The answer is all of the data repeated exactly, with each picture omitted.

◆ Data shown:
______

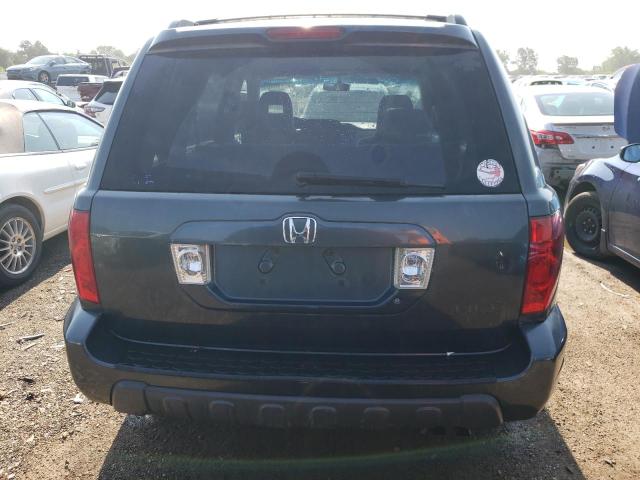 Photo 6 from auction – 2004 HONDA PILOT EX with VIN 2HKYF18484H509874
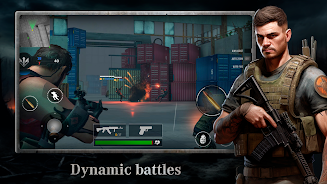 Gun Zone: Gun & Shooting Games 스크린샷 2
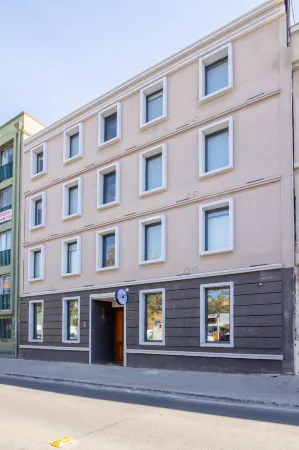 Hostal Boutique Black Cat Отели рядом с достопримечательностью «Hipodromo Chile»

______

◆ Response for this exercise:
 Photo 6 from auction – 2004 HONDA PILOT EX with VIN 2HKYF18484H509874
 Gun Zone: Gun & Shooting Games 스크린샷 2
 Hostal Boutique Black Cat Отели рядом с достопримечательностью «Hipodromo Chile»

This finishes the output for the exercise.